Use the convert_fp16_to_fp32 tool to convert a float16 model to a float32 model:
python -m pip install onnxsim
python -m quark.onnx.tools.convert_fp16_to_fp32 --input $FLOAT_16_ONNX_MODEL_PATH --output $FLOAT_32_ONNX_MODEL_PATH
Note
When using convert_fp16_to_fp32 in Quark ONNX, it requires onnxsim to simplify the ONNX model. Please make sure that onnxsim is installed by using ‘python -m pip install onnxsim’.
Convert a NCHW input model to a NHWC model#
Given that some models are designed with an input shape of NCHW instead of NHWC, it’s recommended to convert an NCHW input model to NHWC before quantizing a float32 model. Please note that the conversion steps will be executed even if the model is already NHWC. So please make sure the input model is in NCHW format.
Use the convert_nchw_to_nhwc tool to convert a NCHW model to a NHWC model:
python -m quark.onnx.tools.convert_nchw_to_nhwc --input $NCHW_ONNX_MODEL_PATH --output $NHWC_ONNX_MODEL_PATH
Quantize ONNX model using random input#
Given some ONNX models without input for quantization, use random input for the onnx model quantization process.
Use the random_quantize tool to quantize a onnx model:
python -m quark.onnx.tools.random_quantize --input_model $FLOAT_ONNX_MODEL_PATH --quant_model $QUANTIZED_ONNX_MODEL_PATH
Convert a A8W8 NPU model to a A8W8 CPU model#
Given that some models are quantized by A8W8 NPU, it’s convenient and efficient to convert them to A8W8 CPU models.
Use the convert_a8w8_npu_to_a8w8_cpu tool to convert a A8W8 NPU model to a A8W8 CPU model:
python -m quark.onnx.tools.convert_a8w8_npu_to_a8w8_cpu --input [INPUT_PATH] --output [OUTPUT_PATH]
Print names and quantity of A16W8 and A8W8 Conv for mix-precision models#
Given that some models are mixed precision such as A18W8 and A8W8 mixed.
Use the print_a16w8_a8w8_nodes tool to print names and quantity of A16W8 and A8W8 Conv, ConvTranspose, Gemm and MatMul.

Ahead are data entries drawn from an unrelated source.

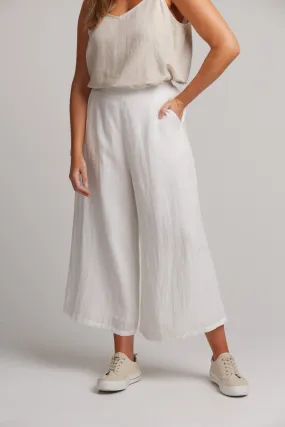 Studio Crop Linen Pant - White Salt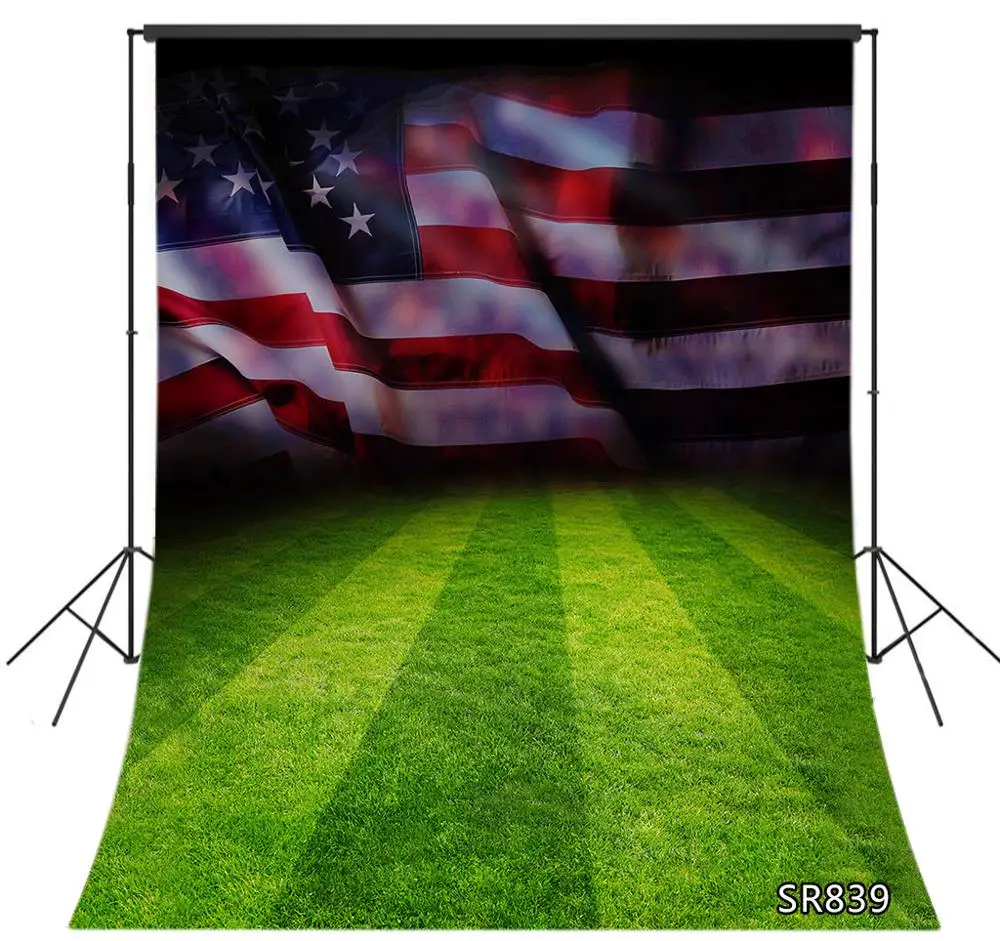 Фотофон с американским флагом зеленой травой для детей и взрослых|Фон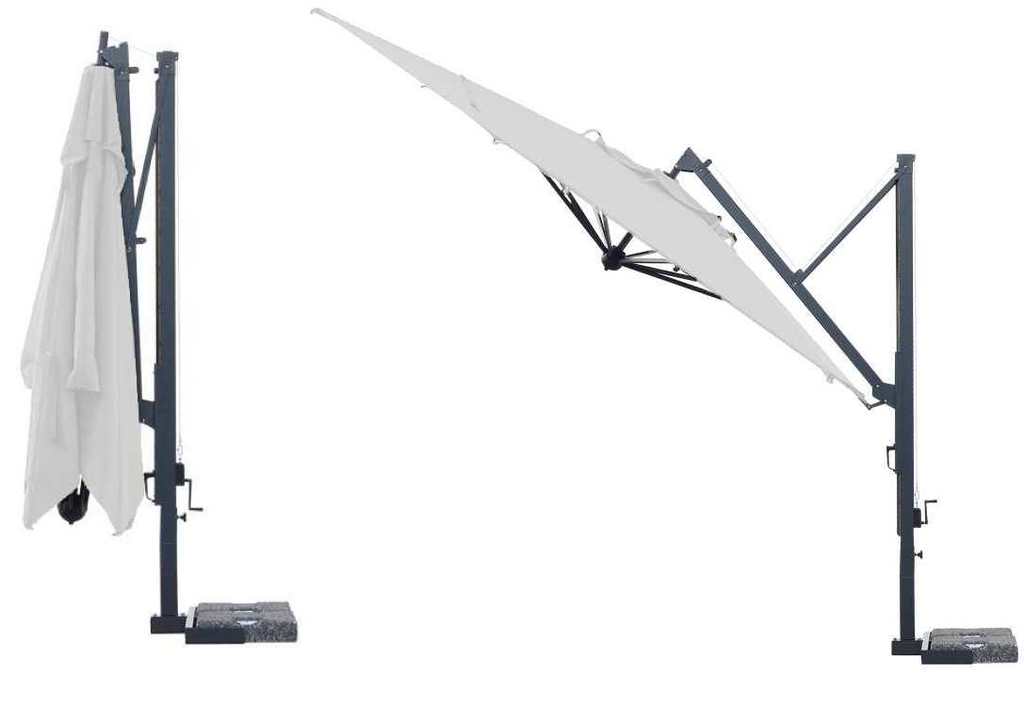 Ombrellone monobraccio retrattile chiuso e aperto (foto Pircher)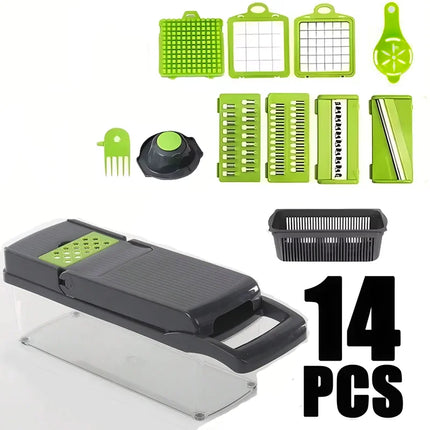 Multifunctional Vegetable Chopper Handle Food Grate Food Chopper Vegetable Slicer Dicer Cut 14/16 in 1 Kitchen Items Cocina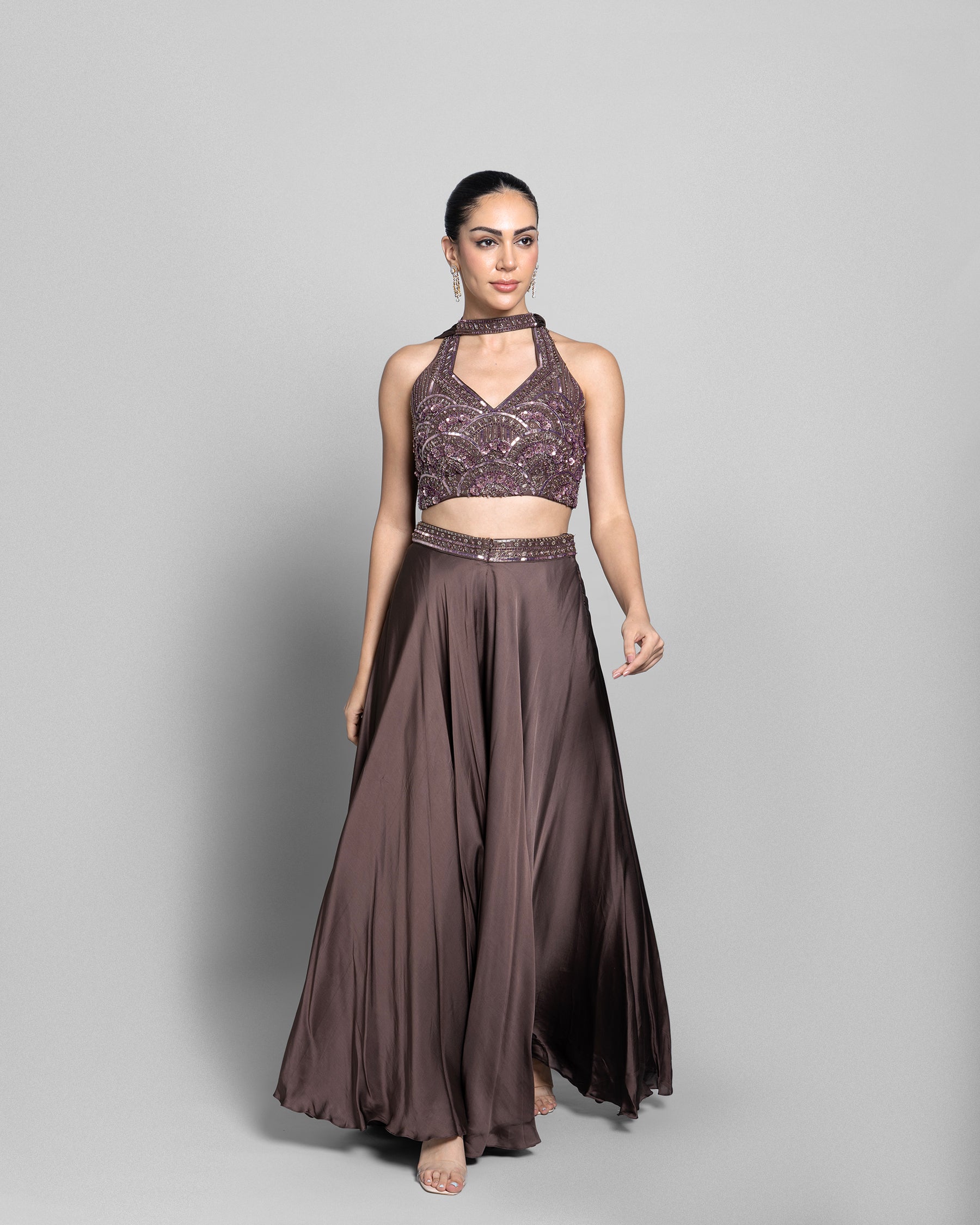 MOCHA EMBELLISHED CROP-TOP WITH PALAZZO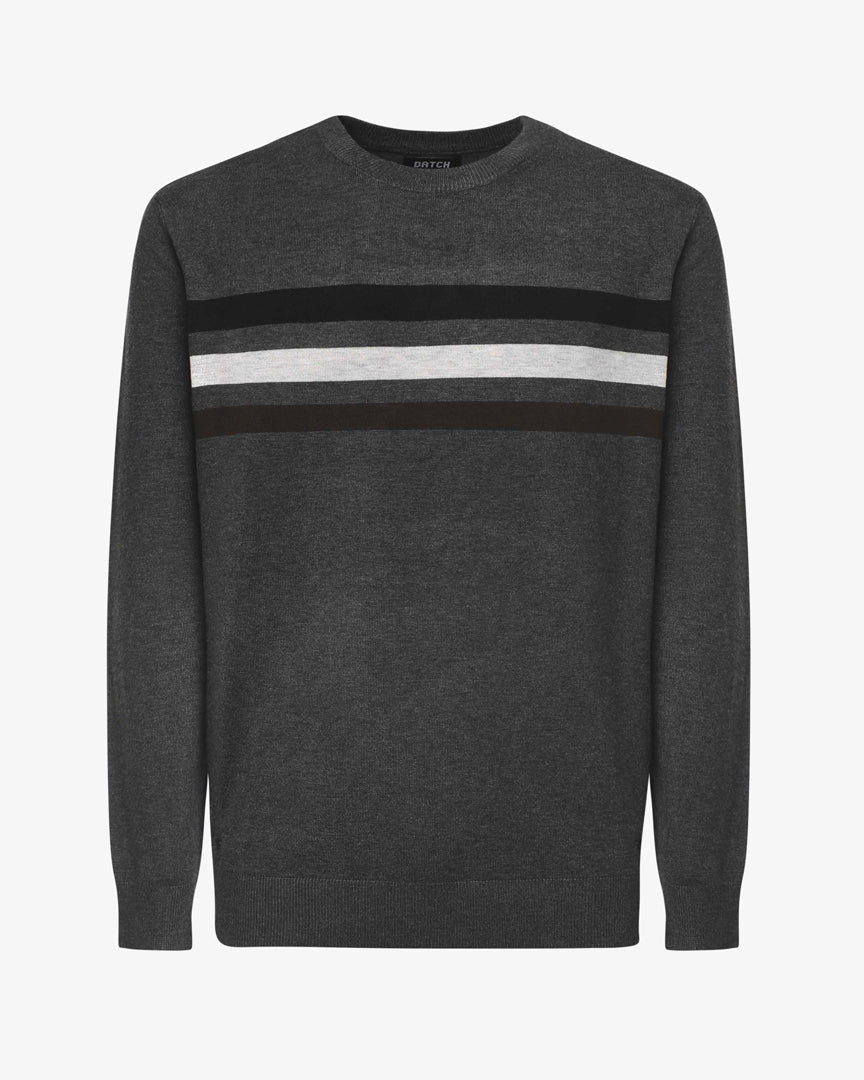 Maglia girocollo a costine "Colour Block"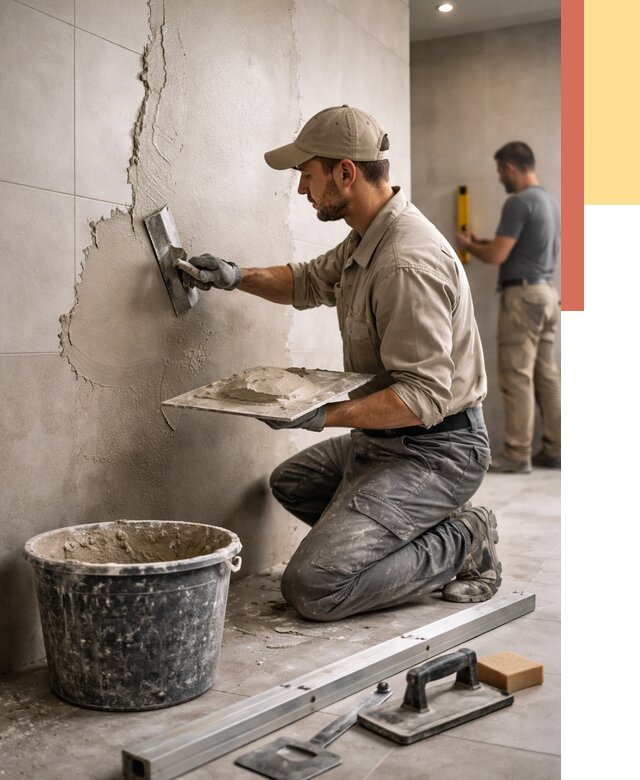 Штукатурка стен в ванной в Курске от 4691 руб./м² — выравнивание под ключ | ОТДЕЛОЧНИК-Кус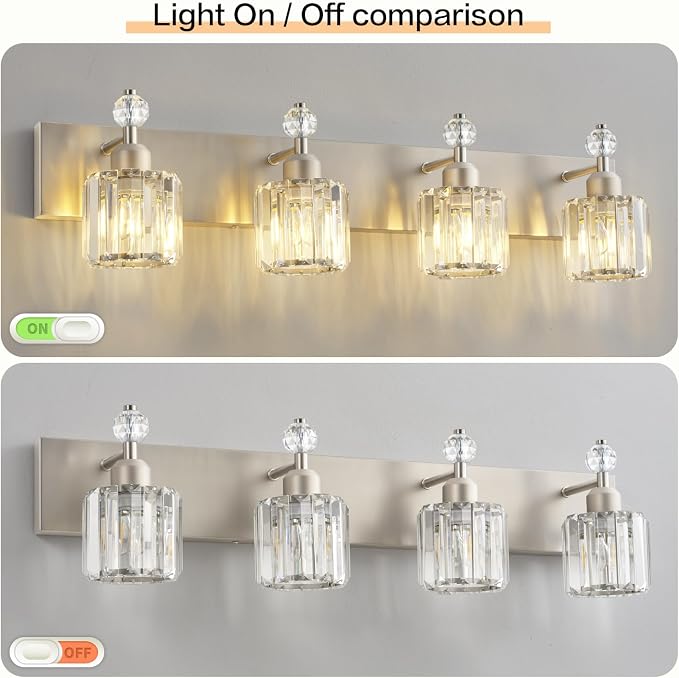 PRESDE 4-Light Brushed Nickel Vanity Light,Crystal Modern Bathroom Light Over Mirror,Wall Lighting Over Mirror Fixture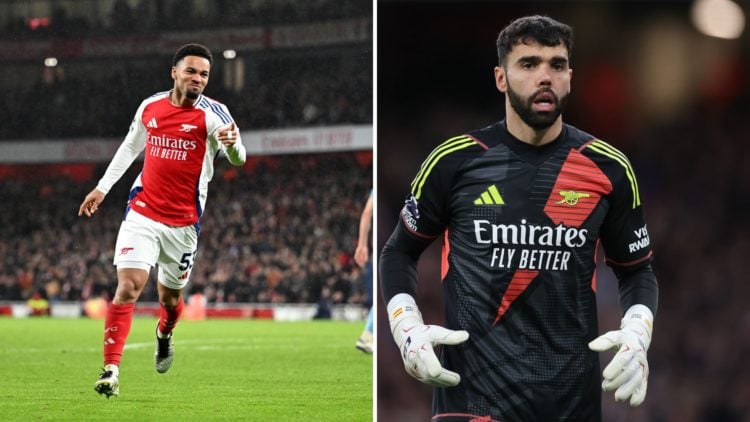 Split Image of Ethan Nwaneri of Arsenal celebrates scoring his team's third goal during the Premier League match between Arsenal FC and Nottingham ...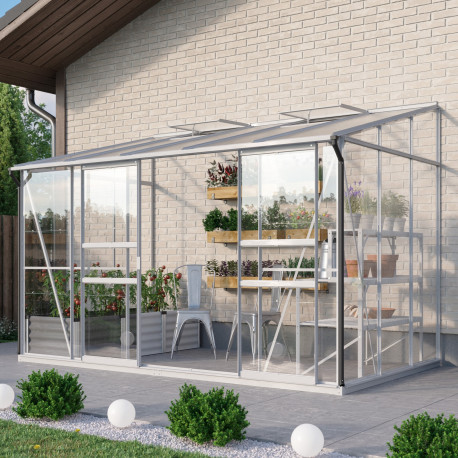Szklarnia przyścienna Osiris 6,5 m² z aluminium, paneli poliwęglanowych i szkła bezpiecznego 3 mm - Vitavia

The MatMul node must have one and only one set of weights.
python -m quark.onnx.tools.print_a16w8_a8w8_nodes --input [INPUT_PATH]
Convert a U16U8 quantized model to a U8U8 model#
Convert a U16U8 (activations are quantized by UINT16 and weights by UINT8) to a U8U8 model without calibration.
Use the convert_u16u8_to_u8u8 tool to do the conversion:
python -m quark.onnx.tools.convert_u16u8_to_u8u8 --input [INPUT_PATH] --output [OUTPUT_PATH]